Prompt:
Required from the data below: the exact lines starting at the line containing "Civil War re-enactors" and ending at the line containing "You'll have love", with both ends kept and all pictures dropped.

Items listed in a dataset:
========================================================================
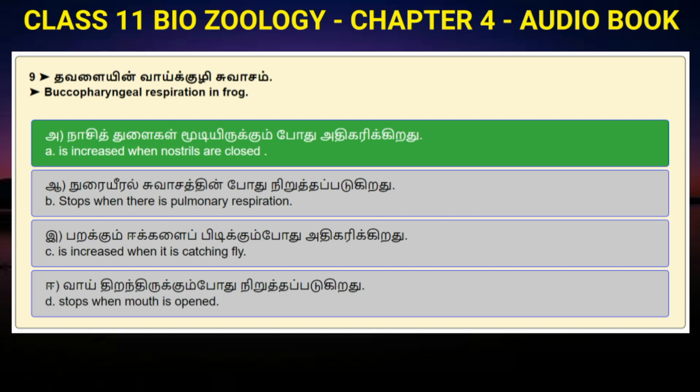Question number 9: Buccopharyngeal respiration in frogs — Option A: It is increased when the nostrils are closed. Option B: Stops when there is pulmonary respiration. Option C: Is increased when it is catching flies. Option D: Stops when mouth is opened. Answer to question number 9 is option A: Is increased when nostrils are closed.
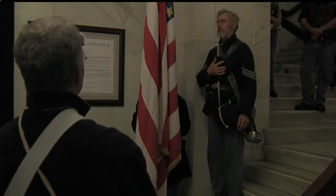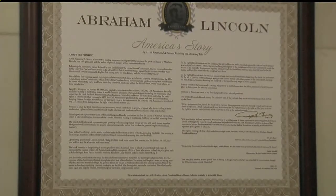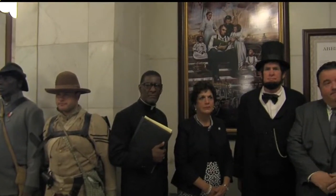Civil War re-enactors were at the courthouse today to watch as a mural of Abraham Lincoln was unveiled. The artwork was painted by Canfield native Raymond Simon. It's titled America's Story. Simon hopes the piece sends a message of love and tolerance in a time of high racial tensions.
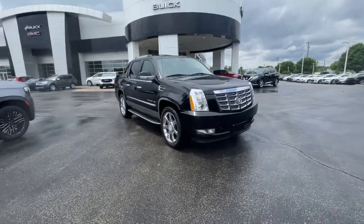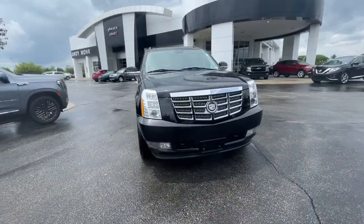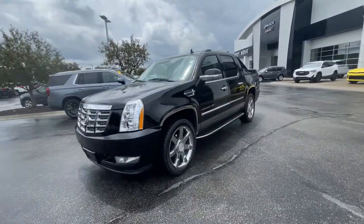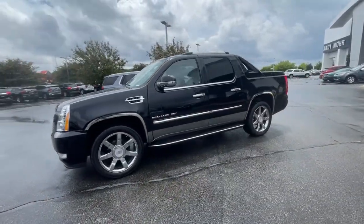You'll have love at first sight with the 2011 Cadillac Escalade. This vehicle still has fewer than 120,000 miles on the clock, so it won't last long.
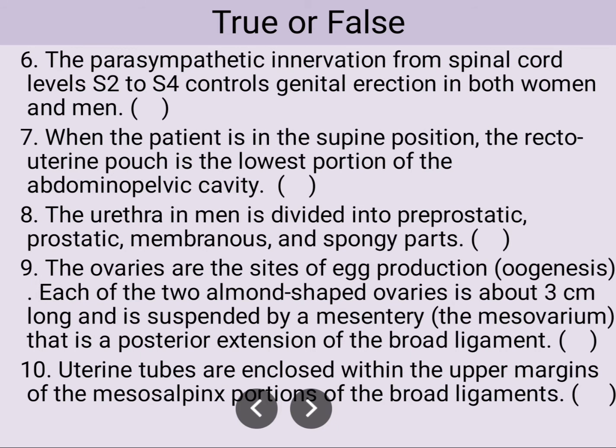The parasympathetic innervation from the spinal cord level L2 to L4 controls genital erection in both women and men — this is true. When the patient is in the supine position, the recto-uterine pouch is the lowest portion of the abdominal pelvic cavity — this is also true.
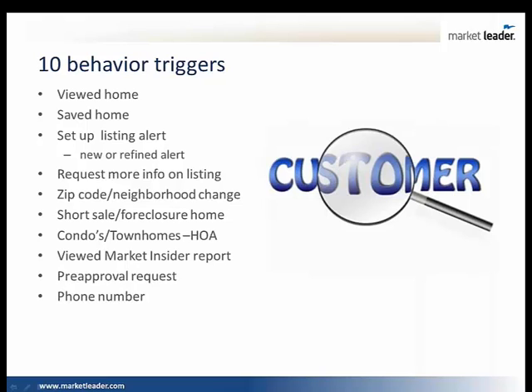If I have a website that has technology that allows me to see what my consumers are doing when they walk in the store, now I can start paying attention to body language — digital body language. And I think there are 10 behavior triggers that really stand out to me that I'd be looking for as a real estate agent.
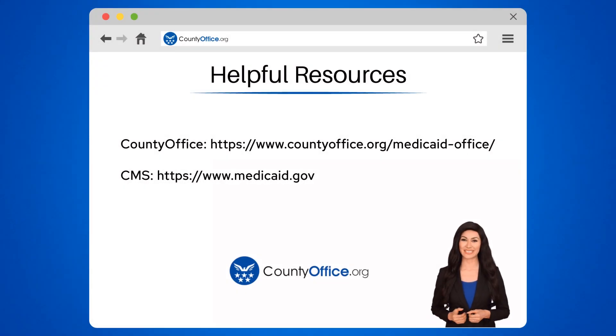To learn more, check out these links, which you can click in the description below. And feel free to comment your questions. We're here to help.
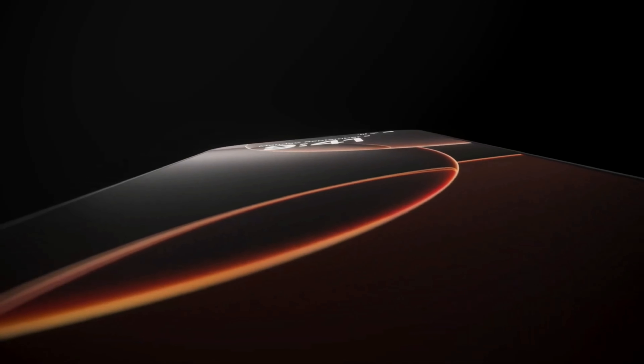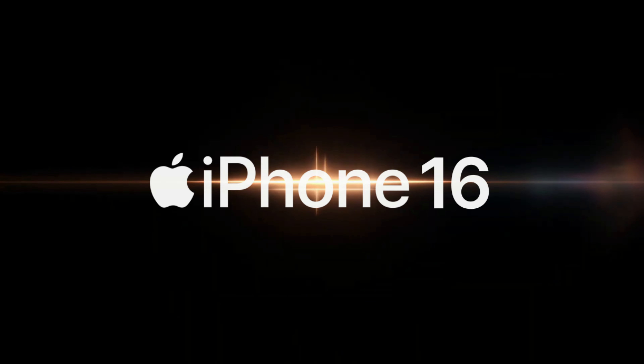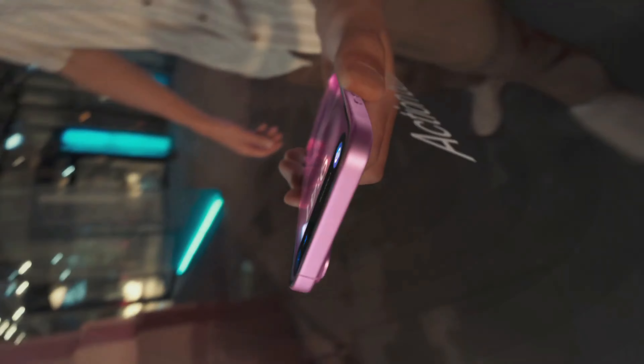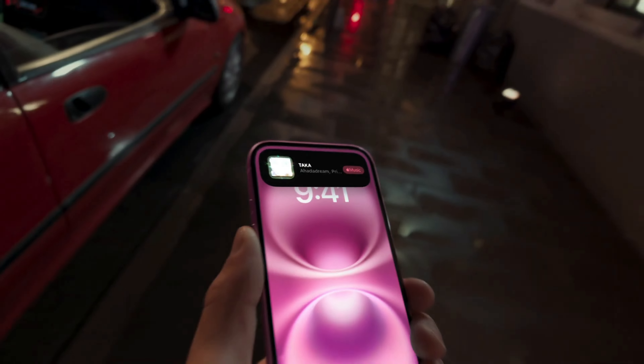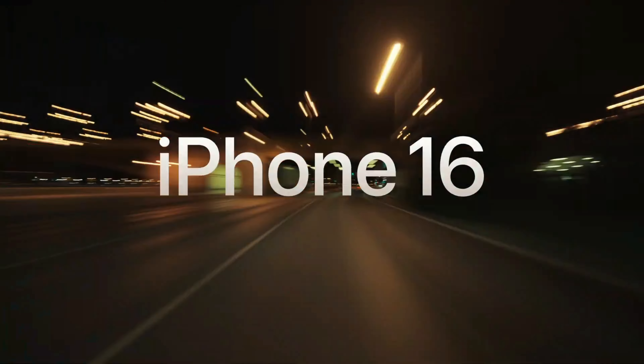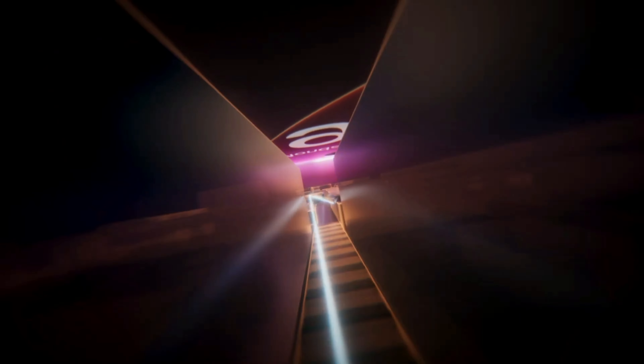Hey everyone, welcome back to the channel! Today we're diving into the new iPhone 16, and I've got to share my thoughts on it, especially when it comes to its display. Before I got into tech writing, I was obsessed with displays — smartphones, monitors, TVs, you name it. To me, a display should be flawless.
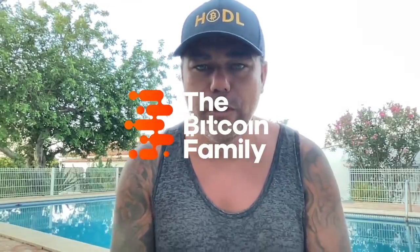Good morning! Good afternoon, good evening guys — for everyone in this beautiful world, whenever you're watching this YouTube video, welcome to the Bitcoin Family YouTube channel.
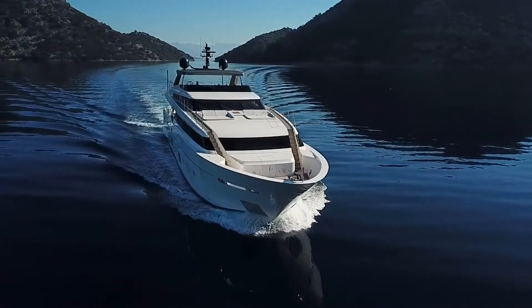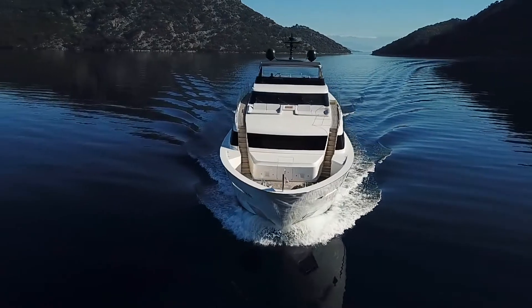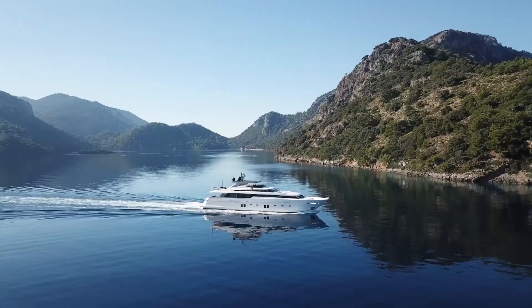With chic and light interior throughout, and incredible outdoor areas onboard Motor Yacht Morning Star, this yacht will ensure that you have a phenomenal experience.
========================================================================
Solution for this problem:
Civil War re-enactors were at the courthouse today to watch as a mural of Abraham Lincoln was unveiled. The artwork was painted by Canfield native Raymond Simon. It's titled America's Story. Simon hopes the piece sends a message of love and tolerance in a time of high racial tensions.
You'll have love at first sight with the 2011 Cadillac Escalade. This vehicle still has fewer than 120,000 miles on the clock, so it won't last long.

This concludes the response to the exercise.